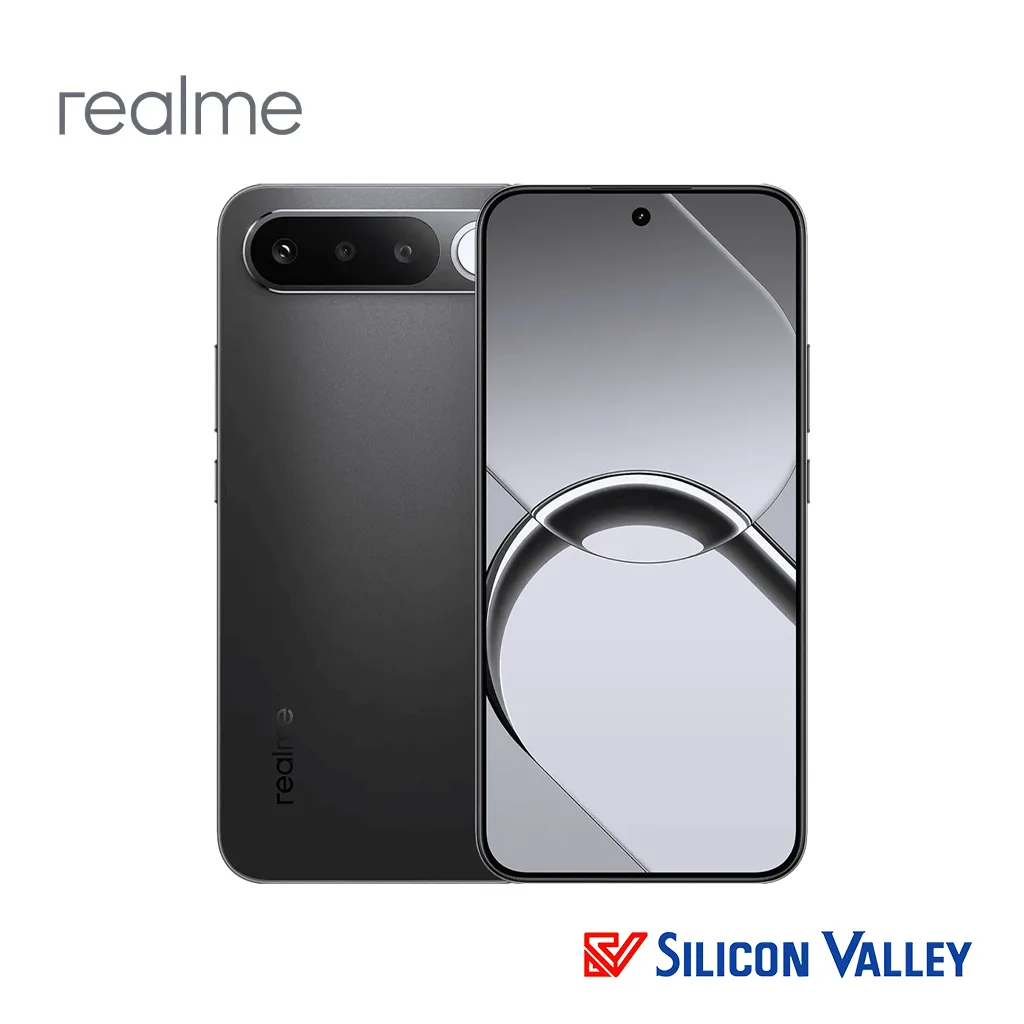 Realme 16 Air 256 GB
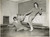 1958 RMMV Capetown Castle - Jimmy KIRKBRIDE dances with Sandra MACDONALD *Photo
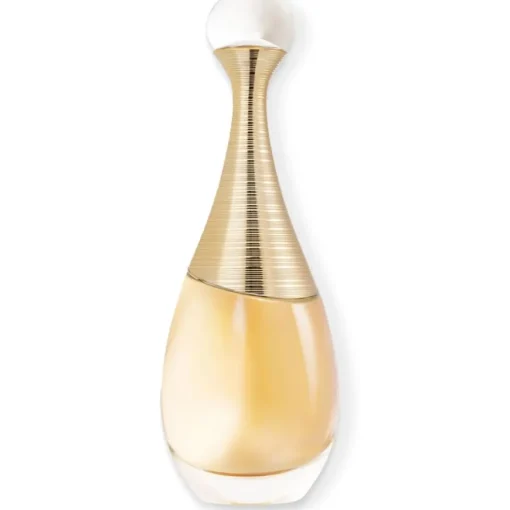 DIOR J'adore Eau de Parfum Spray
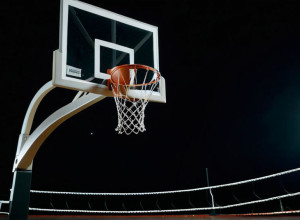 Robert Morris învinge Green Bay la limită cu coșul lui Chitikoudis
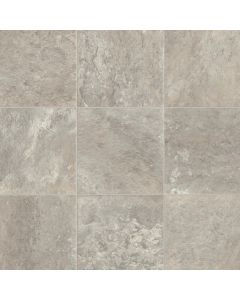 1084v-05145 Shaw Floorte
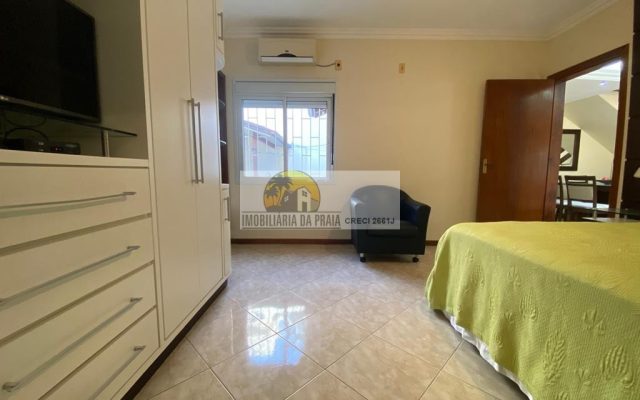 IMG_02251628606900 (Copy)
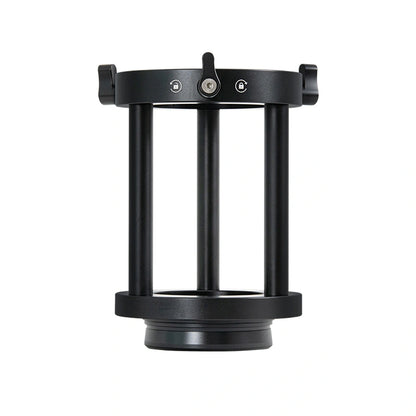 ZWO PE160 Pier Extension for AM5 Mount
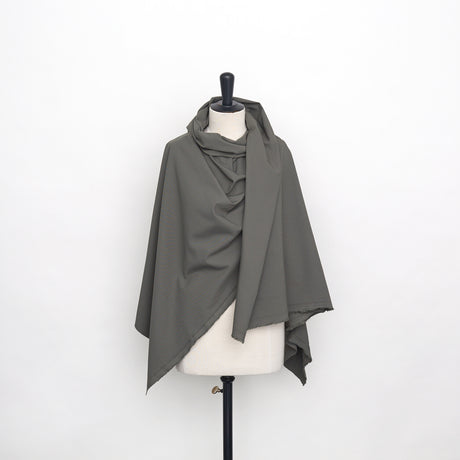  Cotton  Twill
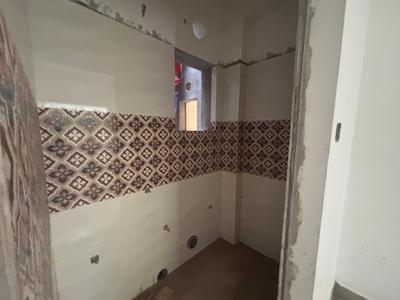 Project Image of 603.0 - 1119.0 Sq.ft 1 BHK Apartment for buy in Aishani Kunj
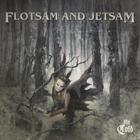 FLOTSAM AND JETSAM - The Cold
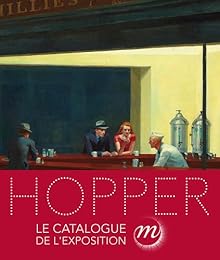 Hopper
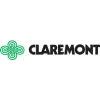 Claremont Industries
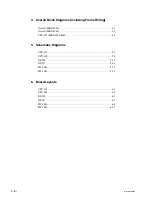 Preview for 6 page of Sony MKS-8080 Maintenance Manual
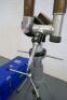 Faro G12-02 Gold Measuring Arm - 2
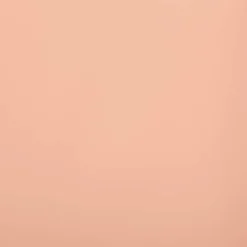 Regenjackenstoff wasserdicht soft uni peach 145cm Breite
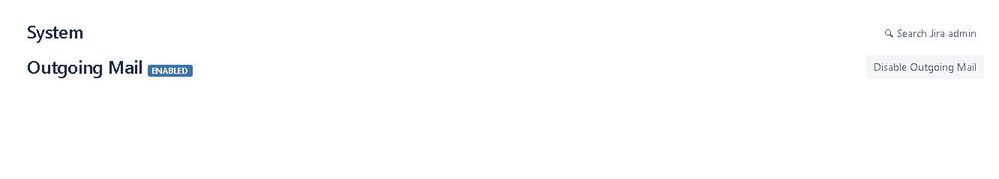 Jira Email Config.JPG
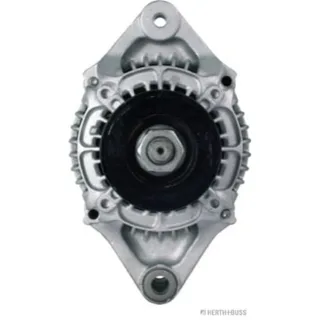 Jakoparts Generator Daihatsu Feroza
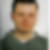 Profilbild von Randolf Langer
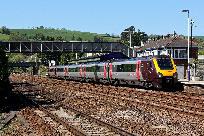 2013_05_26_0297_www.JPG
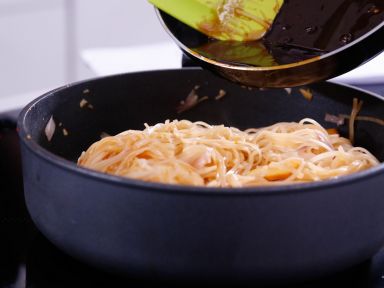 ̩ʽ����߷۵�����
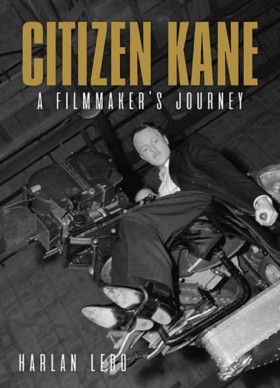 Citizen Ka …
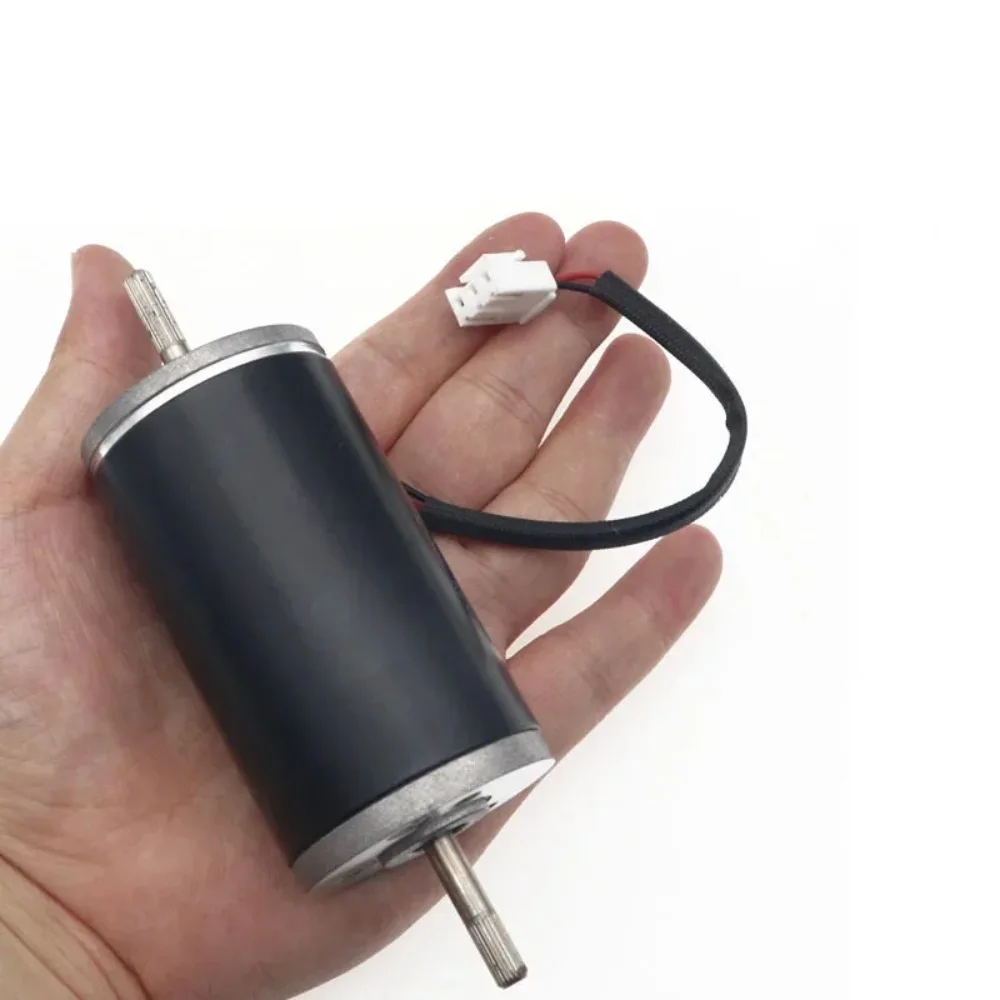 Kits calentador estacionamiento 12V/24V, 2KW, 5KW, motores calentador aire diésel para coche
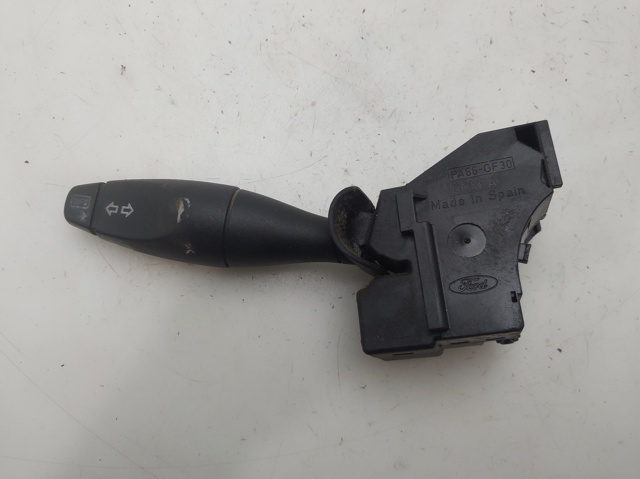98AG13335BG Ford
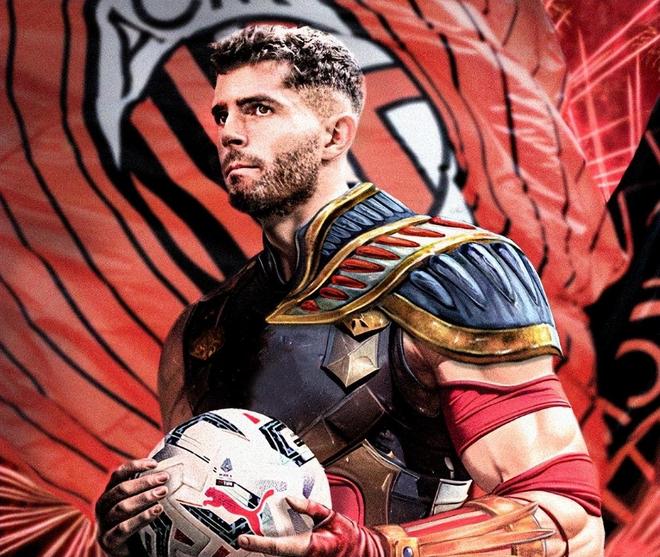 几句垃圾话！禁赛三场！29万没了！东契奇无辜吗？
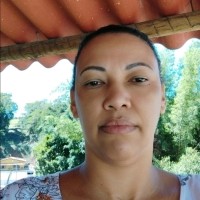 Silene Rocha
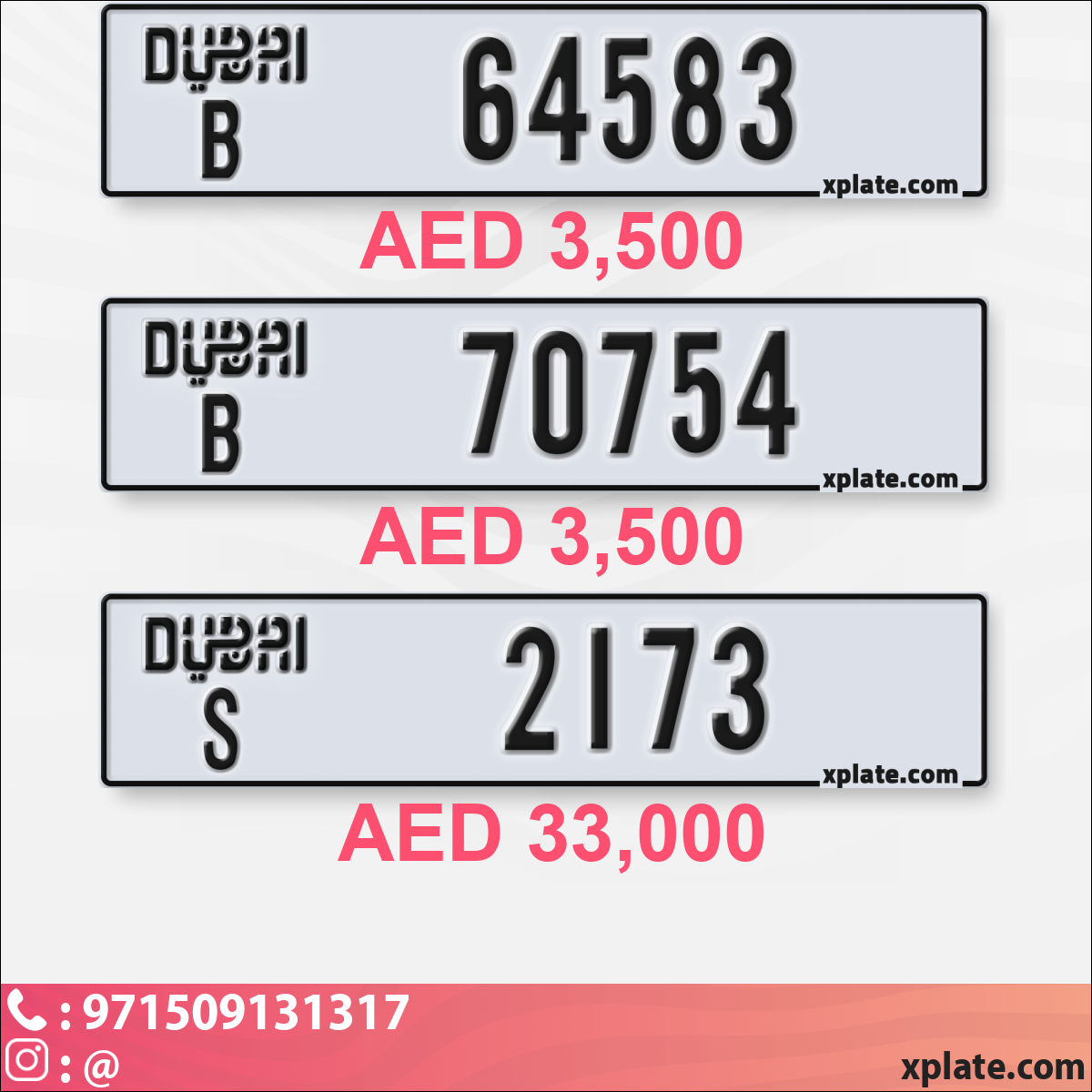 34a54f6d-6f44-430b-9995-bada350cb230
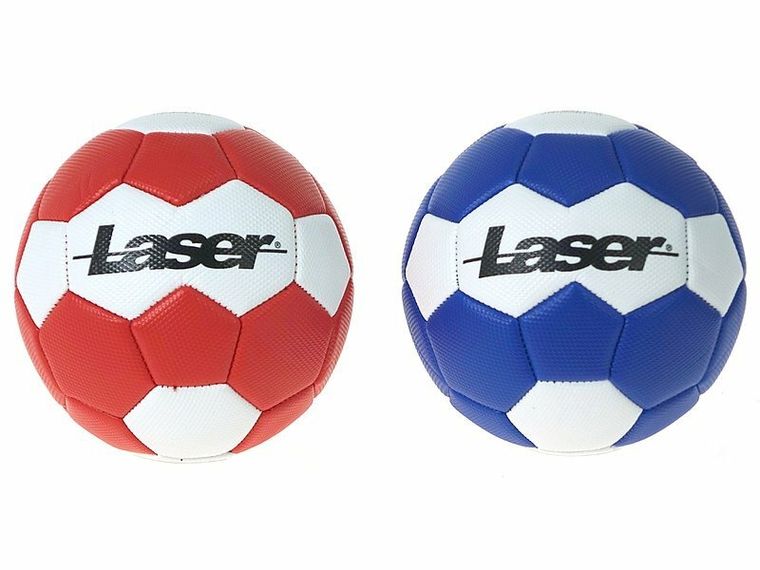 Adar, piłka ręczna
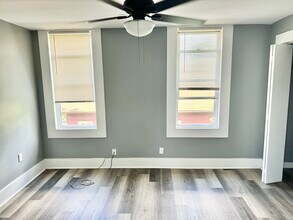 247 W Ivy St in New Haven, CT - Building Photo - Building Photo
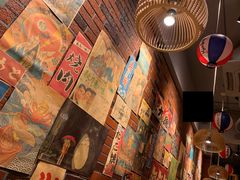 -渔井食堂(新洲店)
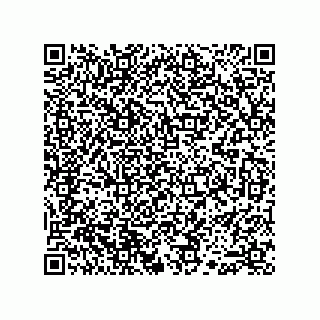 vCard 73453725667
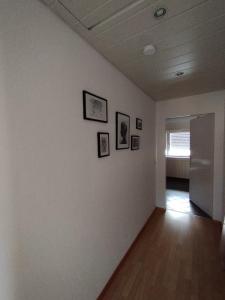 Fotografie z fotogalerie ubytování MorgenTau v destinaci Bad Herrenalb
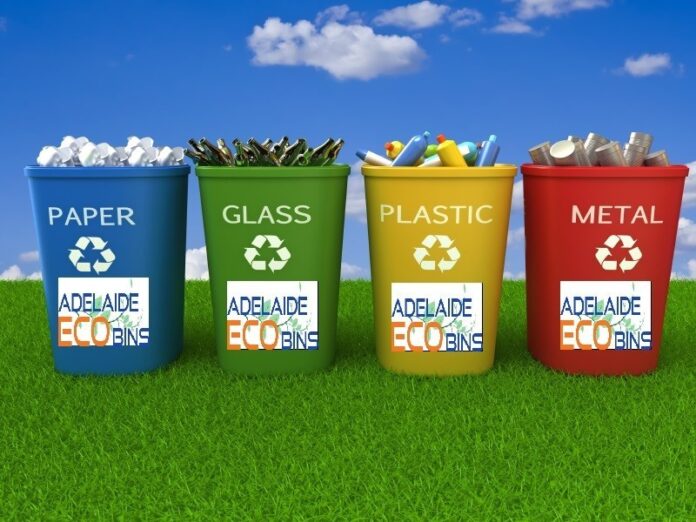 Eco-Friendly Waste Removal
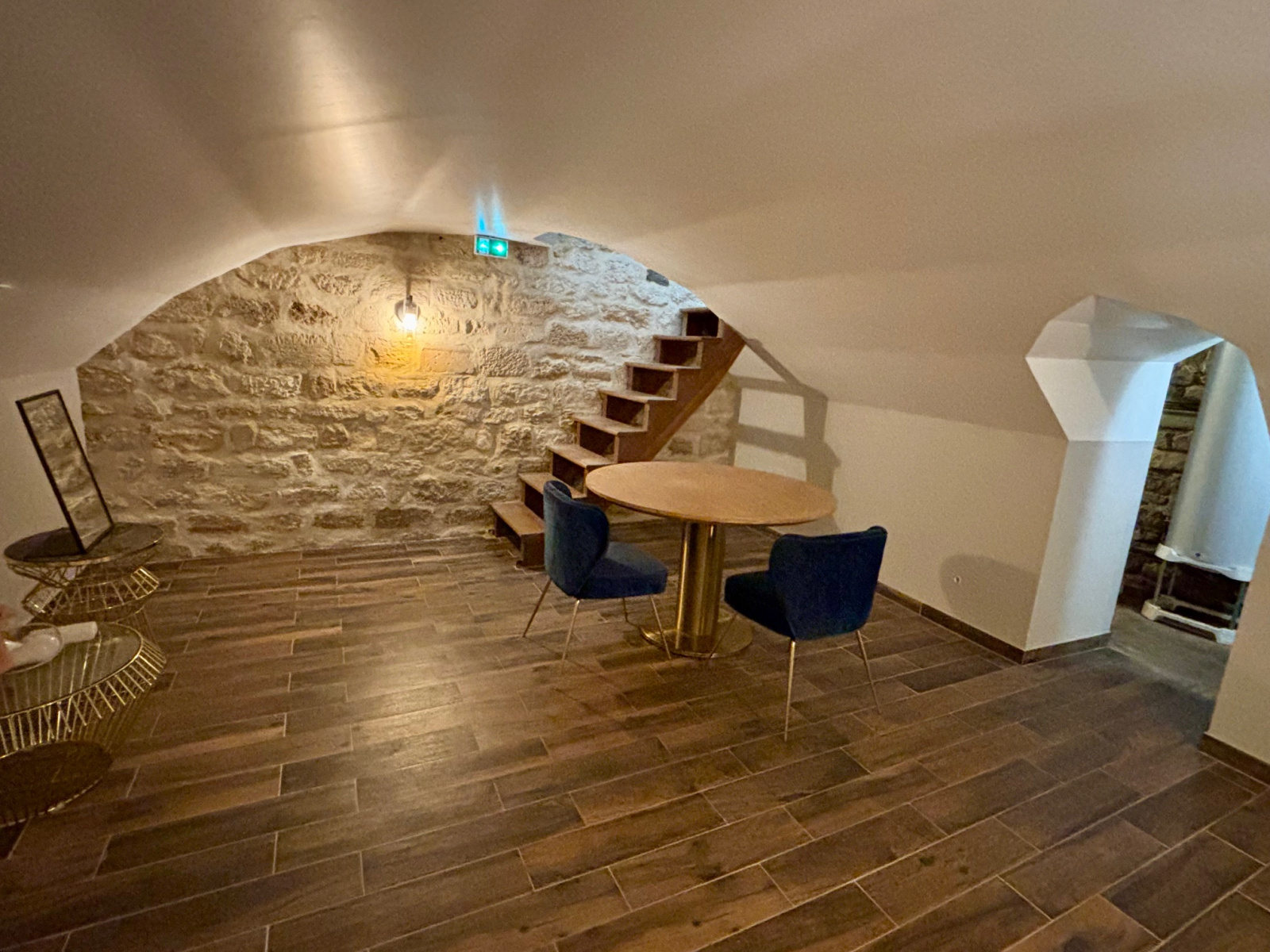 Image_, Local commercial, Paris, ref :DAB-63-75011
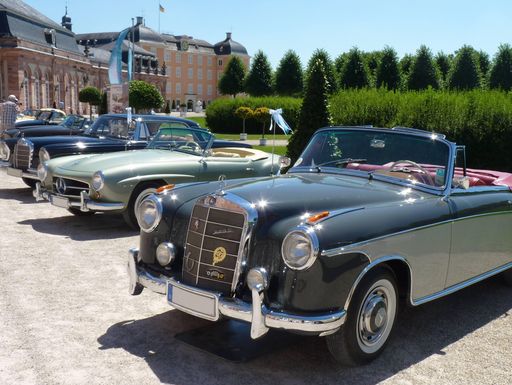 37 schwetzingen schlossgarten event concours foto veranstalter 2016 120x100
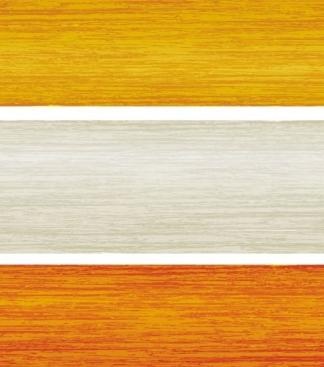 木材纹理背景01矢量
══════════════════════════════
**Try it:**
Excluding the pictures, restate word for word the lines from the one that holds "Adar, piłka ręczna" through the last line of the entries, both ends included.

**Result for this exercise:**
 Adar, piłka ręczna
 247 W Ivy St in New Haven, CT - Building Photo - Building Photo
 -渔井食堂(新洲店)
 vCard 73453725667
 Fotografie z fotogalerie ubytování MorgenTau v destinaci Bad Herrenalb
 Eco-Friendly Waste Removal
 Image_, Local commercial, Paris, ref :DAB-63-75011
 37 schwetzingen schlossgarten event concours foto veranstalter 2016 120x100
 木材纹理背景01矢量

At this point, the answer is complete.